▶ Activity: The reply should be an exact transcription of every record.

[[ Provided material open ]]

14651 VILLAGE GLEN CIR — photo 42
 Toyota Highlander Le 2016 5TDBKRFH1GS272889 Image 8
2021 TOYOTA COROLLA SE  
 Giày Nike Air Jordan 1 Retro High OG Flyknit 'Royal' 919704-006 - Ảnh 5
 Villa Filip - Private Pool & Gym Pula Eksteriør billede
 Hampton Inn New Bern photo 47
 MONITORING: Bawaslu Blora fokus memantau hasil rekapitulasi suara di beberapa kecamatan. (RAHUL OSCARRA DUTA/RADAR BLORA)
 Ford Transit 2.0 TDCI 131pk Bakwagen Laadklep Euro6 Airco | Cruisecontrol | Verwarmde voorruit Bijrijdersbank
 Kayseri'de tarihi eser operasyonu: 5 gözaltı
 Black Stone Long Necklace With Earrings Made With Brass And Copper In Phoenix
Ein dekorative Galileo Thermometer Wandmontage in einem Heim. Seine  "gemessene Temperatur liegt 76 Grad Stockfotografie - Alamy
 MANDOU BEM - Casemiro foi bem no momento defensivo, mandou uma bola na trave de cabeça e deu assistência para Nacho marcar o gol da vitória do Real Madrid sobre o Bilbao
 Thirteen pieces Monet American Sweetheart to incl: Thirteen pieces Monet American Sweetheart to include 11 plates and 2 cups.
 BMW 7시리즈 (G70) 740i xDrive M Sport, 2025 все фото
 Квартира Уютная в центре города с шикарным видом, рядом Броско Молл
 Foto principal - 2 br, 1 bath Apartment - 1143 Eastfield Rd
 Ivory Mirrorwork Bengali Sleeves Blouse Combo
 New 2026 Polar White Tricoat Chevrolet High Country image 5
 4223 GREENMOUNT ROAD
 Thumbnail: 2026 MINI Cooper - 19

[[ Provided material closed ]]

▶ Answer section:
14651 VILLAGE GLEN CIR — photo 42
 Toyota Highlander Le 2016 5TDBKRFH1GS272889 Image 8
2021 TOYOTA COROLLA SE  
 Giày Nike Air Jordan 1 Retro High OG Flyknit 'Royal' 919704-006 - Ảnh 5
 Villa Filip - Private Pool & Gym Pula Eksteriør billede
 Hampton Inn New Bern photo 47
 MONITORING: Bawaslu Blora fokus memantau hasil rekapitulasi suara di beberapa kecamatan. (RAHUL OSCARRA DUTA/RADAR BLORA)
 Ford Transit 2.0 TDCI 131pk Bakwagen Laadklep Euro6 Airco | Cruisecontrol | Verwarmde voorruit Bijrijdersbank
 Kayseri'de tarihi eser operasyonu: 5 gözaltı
 Black Stone Long Necklace With Earrings Made With Brass And Copper In Phoenix
Ein dekorative Galileo Thermometer Wandmontage in einem Heim. Seine  "gemessene Temperatur liegt 76 Grad Stockfotografie - Alamy
 MANDOU BEM - Casemiro foi bem no momento defensivo, mandou uma bola na trave de cabeça e deu assistência para Nacho marcar o gol da vitória do Real Madrid sobre o Bilbao
 Thirteen pieces Monet American Sweetheart to incl: Thirteen pieces Monet American Sweetheart to include 11 plates and 2 cups.
 BMW 7시리즈 (G70) 740i xDrive M Sport, 2025 все фото
 Квартира Уютная в центре города с шикарным видом, рядом Броско Молл
 Foto principal - 2 br, 1 bath Apartment - 1143 Eastfield Rd
 Ivory Mirrorwork Bengali Sleeves Blouse Combo
 New 2026 Polar White Tricoat Chevrolet High Country image 5
 4223 GREENMOUNT ROAD
 Thumbnail: 2026 MINI Cooper - 19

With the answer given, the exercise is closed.